Question

Question: (II) A guitar string produces 3 beats/s when sounded with a 350-Hz tuning fork and 8 beats/s when sounded with a 355-Hz tuning fork. What is the vibrational frequency of the string? Explain your reasoning.

Short answer

The vibrational frequency of the string is \(347\;{\rm{Hz}}\).

Step-by-step solution

Determination of the beat frequency

The beat frequency is the difference in frequencies of two overlapping sound waves. The equation can be given as \({f_B} = \left| {{f_2} \pm {f_1}} \right|\).

Given information

Given data:

The beat frequency at 350 Hz tuning fork frequency is 3 beats/s .

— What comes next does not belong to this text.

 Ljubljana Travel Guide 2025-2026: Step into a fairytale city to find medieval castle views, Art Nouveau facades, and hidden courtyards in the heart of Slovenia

The beat frequency at \(355\;{\rm{Hz}}\) tuning fork frequency is 8 beats/s .

Evaluation of the vibrational frequency of the string

When the guitar string produces \(3\;{\rm{beats/s}}\) at \(350\;{\rm{Hz}}\) tuning fork frequency, the frequency of the other string can be calculated as:

\(\begin{array}{c}{f_B} = \left| {{f_2} \pm {f_1}} \right|\\\left( {3\;{\rm{beats/s}}} \right) = \left| {350\;{\rm{Hz}} \pm {f_1}} \right|\\{f_1} = 347\;{\rm{Hz}}\;{\rm{or}}\;353\;{\rm{Hz}}\end{array}\)

Similarly, when the guitar string produces \(8\;{\rm{beats/s}}\) at \(355\;{\rm{Hz}}\) tuning fork frequency, the frequency of the other string can be calculated as:

\(\begin{array}{c}{f_B} = \left| {{f_2} \pm {f_1}} \right|\\\left( {8\;{\rm{beats/s}}} \right) = \left| {355\;{\rm{Hz}} \pm {f_1}} \right|\\{f_1} = 347\;{\rm{Hz}}\;{\rm{or}}\;363\;{\rm{Hz}}\end{array}\)

From the above-calculated frequencies, the frequency \(347\;{\rm{Hz}}\) works in both scenarios. Hence, the vibrational frequency of the string is \(347\;{\rm{Hz}}\).